Opts are passed to symbols_string_graph/3, go_term_symbols/3 and wgraph_plot/2.

Opts

organism(Org=hs)
organism for the operation
plot(Plot=false)
whether to plot the graph
save(Save=false)
whether to save the graph (passed to wgraph_plot/2
stem_type(Sty=go_name)
constructs stem for the output filenames: go_id, go_pair, go_pair_ord(I,Len).
?- go_string_graph( 'GO:0016601', G, true ).
?- go_string_graph( 'GO:0016601', G, plot(true) ).

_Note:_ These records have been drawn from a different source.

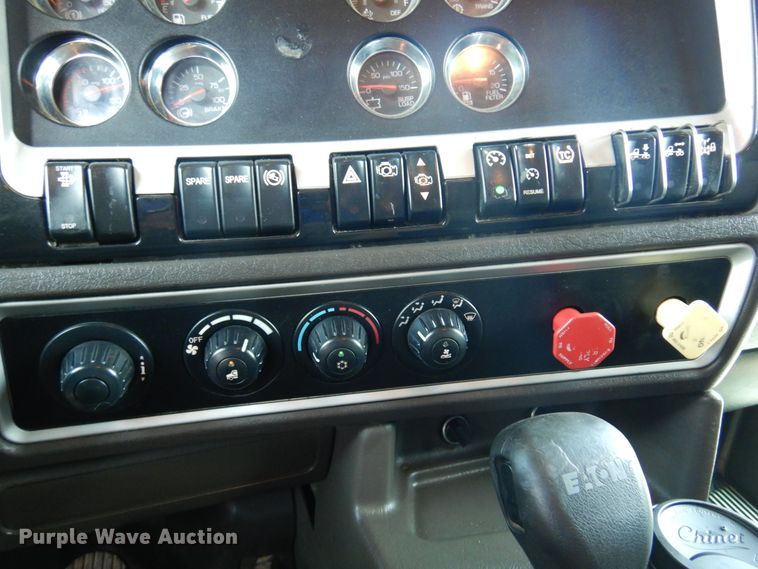 image for item DM5080 2012 Kenworth T660  semi truck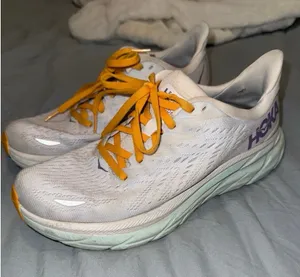 Hoka Clifton 8 thumbnail 1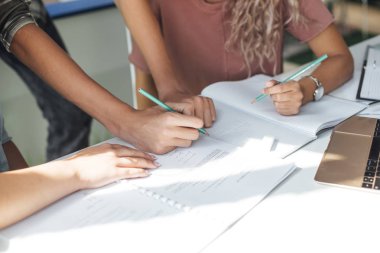 öğrencilerin not defterinde yazılı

?- go_string_graph( 'GO:0016601', G, [plot(true),save(true)] ).
G = ['ABI2', 'AIF1', 'CDH13', 'HACD3', 'NISCH', 'ALS2'-'RAC1':892, 'BRK1'-'CYFIP1':999, ... - ... : 904, ... : ...|...].
?- ls.
% Rac_protein_signal_transduction.csv                Rac_protein_signal_transduction_graph.csv          Rac_protein_signal_transduction_layout.csv
true.

?- go_string_graph( 'GO:0016601', G, [plot(true),save(true),stem_type(go_pair)] ).
author
- nicos angelopoulos
version
- 0.1 2016/4/12
- 0.2 2020/9/3, expanded go_string_graph_stem/3
To be done
- make sure underlying options are compatible.
 symbols_string_graph(+Symbols, -Graph, +Opts)
Create the string database Graph between Symbols.

Opts

cohese(Coh=max)
method for cohesing multiple edges between two nodes [false,max,min,umax,umin] the max and min versions are more efficient but do sort the edges, whereas umax and umin take much longer but leave edges in found order
include_orphans(Orph=true)
set to false to exclude orphans from Graph
org(Org=hs)
which organism do the gene symbols come from
minw(500)
minimum weight (0 =< x =< 999) - not checked
sort_pairs(Spairs=true)
set to false to leave order of edges dependant on order of Symbols
sort_graph(Sort=true)
set to false for not sorting the results
?- Got = 'GO:0043552', gene_family( Got, hs, Symbs ), length( Symbs, SymbsLen ),
   symbols_string_graph(Symbs, Graph, true ), length( Graph, GraphLen ).

Got = 'GO:0043552',
Symbs = ['AMBRA1', 'ATG14', 'CCL19', 'CCL21', 'CCR7'|...],
SymbsLen = 31,
Graph = ['TNFAIP8L3', 'AMBRA1'-'ATG14':981, 'AMBRA1'-'PIK3R4':974|...],
GraphLen = 235.

% the following is flawed as it uses Got from mouse and tries to build the graph in human STRING...
?- Got = 'GO:0043552', gene_family( Got, mouse, Symbs ), length( Symbs, SymbsLen ),
   symbols_string_graph(Symbs, Graph, true ), length( Graph, GraphLen ).

Got = 'GO:0043552',
Symbs = Graph, Graph = ['Ambra1', 'Atg14', 'Ccl19', 'Cd19', 'Cdc42', 'Epha8', 'Fgf2', 'Fgfr3', 'Fgr'|...],
SymbsLen = GraphLen, GraphLen = 28.

% this the correct way for running the first query for mouse:
?- Got = 'GO:0043552', gene_family( Got, mouse, Symbs ), length( Symbs, SymbsLen ),
   symbols_string_graph(Symbs, Graph, org(mouse) ), length( Graph, GraphLen ).

Got = 'GO:0043552',
Symbs = ['Ambra1', 'Atg14', 'Ccl19', 'Cd19', 'Cdc42', 'Epha8'|...],
SymbsLen = 28,
Graph = ['Ambra1', 'Cdc42', 'Lyn', 'Nod2', 'Pdgfra', 'Sh3glb1', 'Tnfaip8l3', 'Vav3', ... : ...|...],
GraphLen = 117.
author
- nicos angelopoulos
version
- 0.1 2016/1/18
- 0.2 2019/4/8, added organism to incorporate mouse
- 0.3 2020/9/5, option cohese(), and debugs
To be done
- implement cohese() values: min, umax and umin
 exp_diffex(+Exp, -DEs, -NonDEs, +Opts)
Select a sublist of significantly, differentially expressed genes in an experiment.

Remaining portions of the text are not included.